Ren's knees buckled. He caught himself on one trembling hand as he fell. Nocstella lowered herself with impossible grace, kneeling before him, and placed her palm against his chest.
Then—
SPLITCH
Her hand passed through his ribcage like mist through water and closed around something inside. Ren's mouth opened—but no sound came out. It didn't seem to hurt Ren.
"You remember the warmth of your loving mother's voice," Nocstella said, gazing into his eyes. "The nights she caressed you. Told you it was all right to be afraid."
Her fingers tightened on his chest.
"But she didn't, did she? She told you to grow up. That you were too old to weep over the imaginary monsters. That she regretted having a child who needed so much."
"No…"
"She pushed you away."
"She didn't—"
"I can show you, Hollow."
And that she did.
The memory unfolded—twisted and vivid.
His mother sat beside his bed, but her eyes were cold now.
Her voice, once soft, cut sharp and bitter.
"You're still crying?" The memory sneered. "God, I should've let your father deal with you. I'm done! I'm so done coddling such a pathetic child." The illusion warped further—her lips stretching into something cruel, her eyes flickering with a hatred they never should have held. "A waste of time! A waste of space! A waste of effort! You were a mistake—"
SNAP
Ren's hand shot up, clamping around Nocstella's wrist.
The false memory froze.
His fingers trembled—not just from weakness, but from effort.
From clawing himself out of the mire of her lies.
"…It won't work," Ren rasped.
The words were cracked and breathless—but certain.
"I know what this is."
He squeezed tighter, anchoring himself in the present.
"You can twist what she said. You can corrupt her voice." His grip hardened. "But that's not her."
With a growl, Ren tore her hand from his chest.

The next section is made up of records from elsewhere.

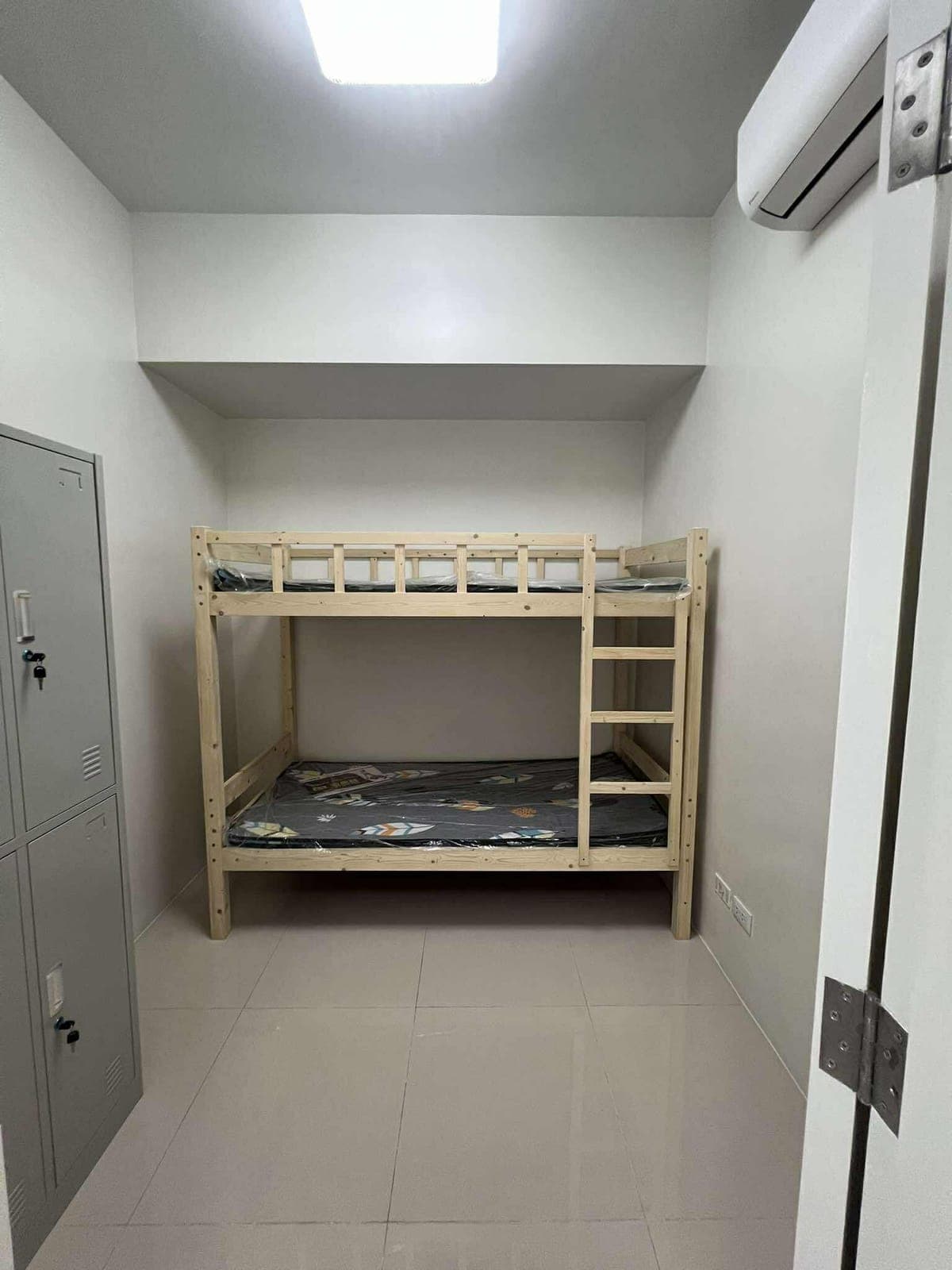 # **FEMALE CONDO SHARING AT 100 WEST MAKATI. NEWLY TURNED OVER 2BR WITH BALCONY. SECURE YOUR SPOT TODAY!** - photo 6
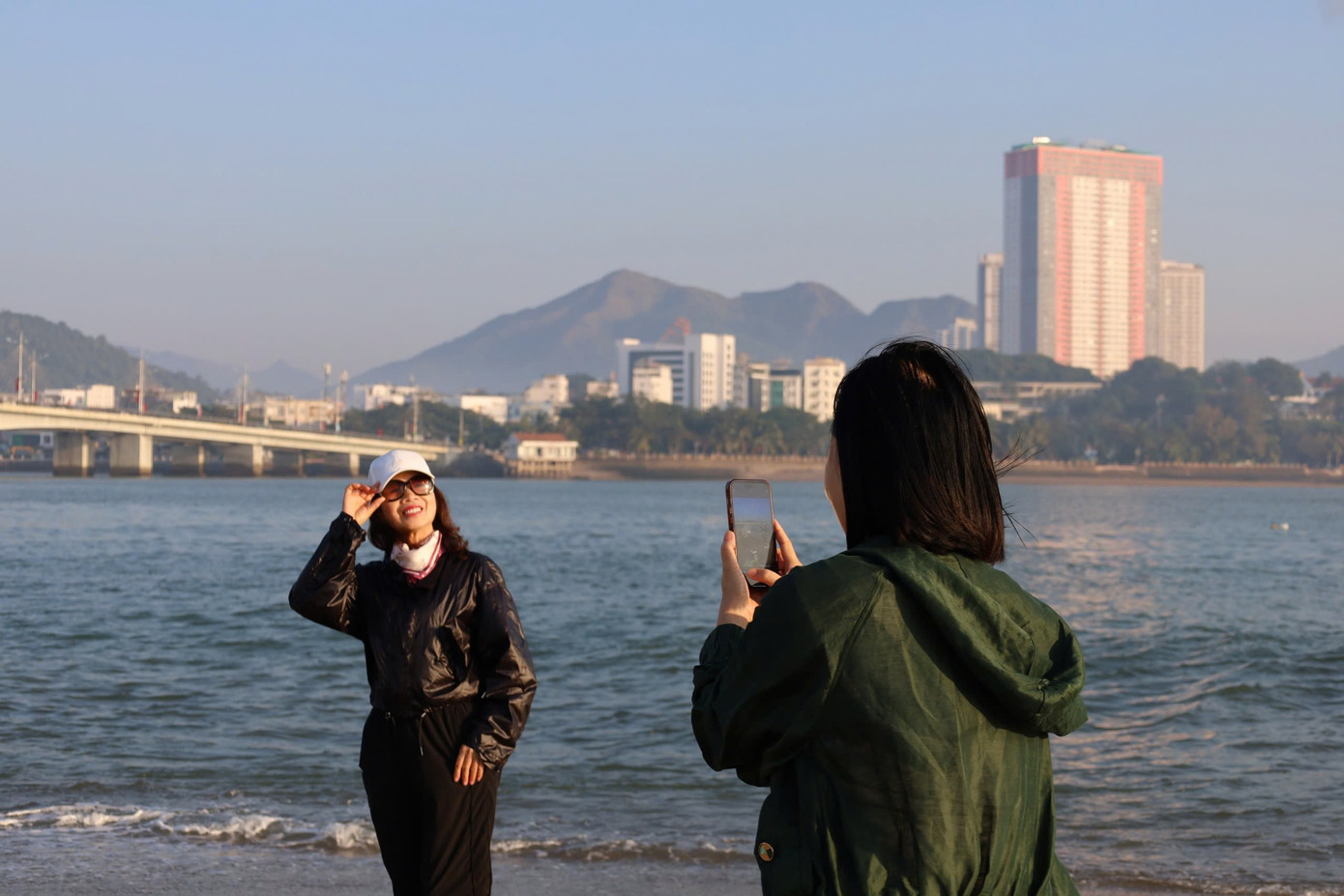 Nha Trang xuất hiện cồn cát độc lạ hình cá heo- Ảnh 3.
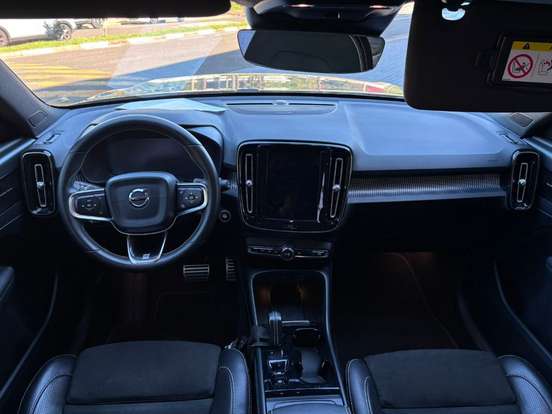 VOLVO-XC40-2.0 T5 GASOLINA R-DESIGN AWD GEARTRONIC VOLVO-XC40-2019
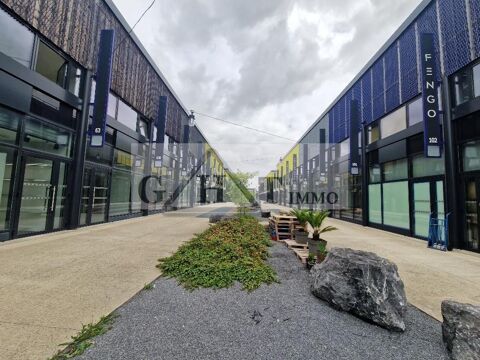 A VENDRE 593 M&sup2;  ENTREPOT BUREAUX A TREMBLAY EN FRANCE 1140000 93290 Tremblay en france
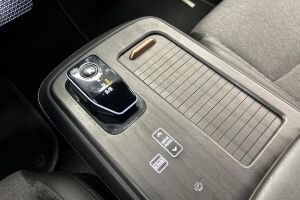 Nissan Ariya esikatselu 16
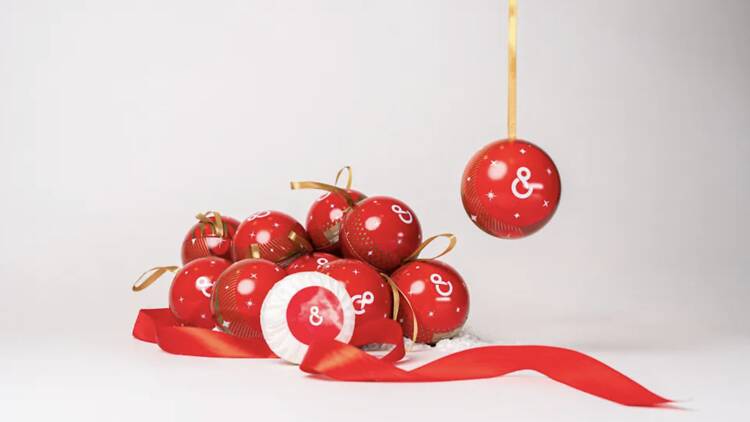 Perfumes & Companhia x Ajuda de Berço, Semear e Novo Futuro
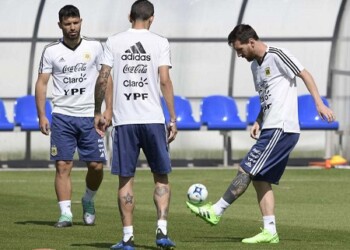 Argentina's forward Lionel Messi (R) controls a mini ball next to teammates midfielder Angel Di Maria (C) and forward Sergio Aguero during a training session at the team's base camp in Bronnitsy, on June 25, 2018 on the eve of the team's third game as part of the Russia 2018 World Cup Group D football match. / AFP / JUAN MABROMATA  FBL-WC-2018-ARG-TRAINING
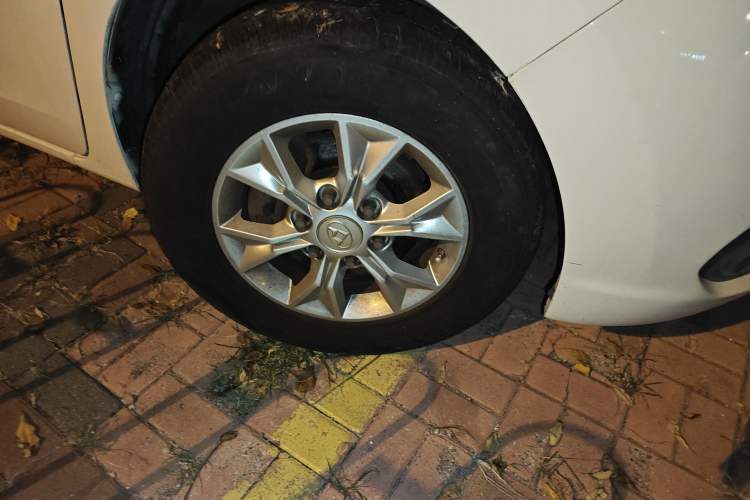 Used SAIC MAXUS G10 2015 2.0T Manual Anniversary Edition
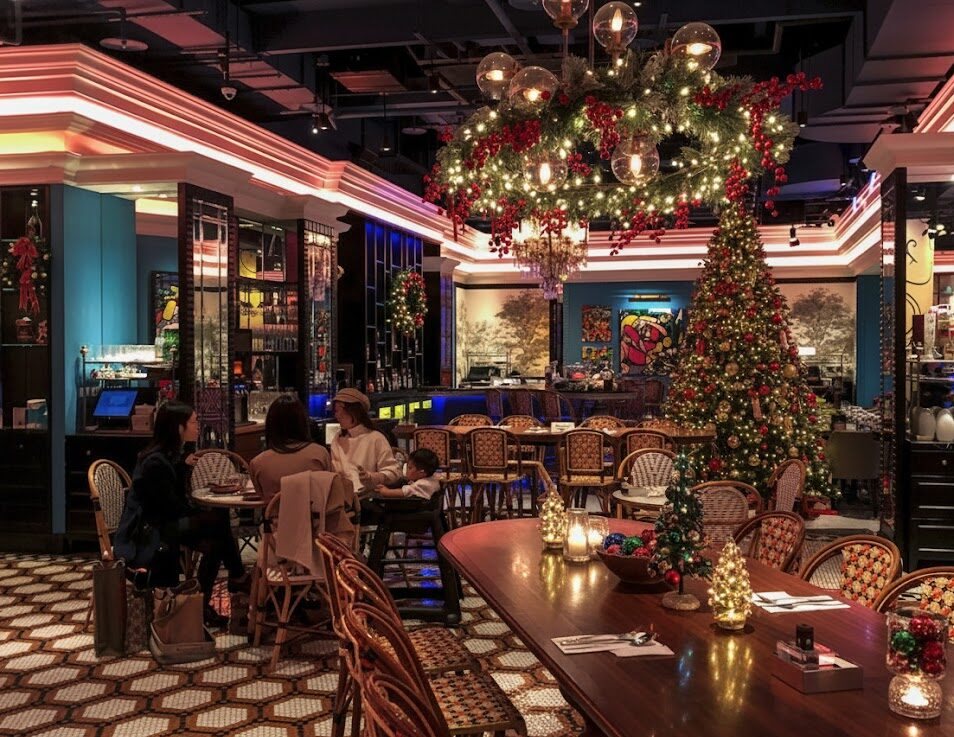 Café de Lugano at the Mandarin Oriental Taipei, dressed for the ICCT Christmas dinner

Black ichor dripped from her fingers, trailing like strands of oil before evaporating into the air. Ren staggered back, one hand clutching his chest where she had passed cleanly through him, the other dragging his sword behind him, forcing himself upright. Nocstella watched him rise, curiosity flickering in her gaze, still kneeling where she had been. Ren met her stare with shaking grey eyes, mixed with sadness and pure anger.
"She was broken, too," Ren said. "But she never…never said anything like that. Her voice was always gentle with me. No matter what…" He leaned his weight onto his sword, drawing a slow, unsteady breath. "She carried wounds she never spoke about. Some nights, I heard her crying on the porch through my window."
His jaw tightened at the confession.
"But she never made me feel like I was the problem. Like I was the reason."
He lifted his gaze.
"And I know…Without a doubt, she didn't want me to find her that night."
Nocstella blinked once, slow and unreadable.
"You seep into the cracks of broken things and think that makes them yours." Ren pushed harder against the sword, steel biting into the ground. "But you don't replace what was there."
Something sharpened in Nocstella's gaze.
Ren closed his eyes—just for a second.
'Heal…'
The words were a whisper. A plea.
'Please…I know who I am. I know where I come from. I know what I've lost…'
His body answered, sensing energy coming back to his form.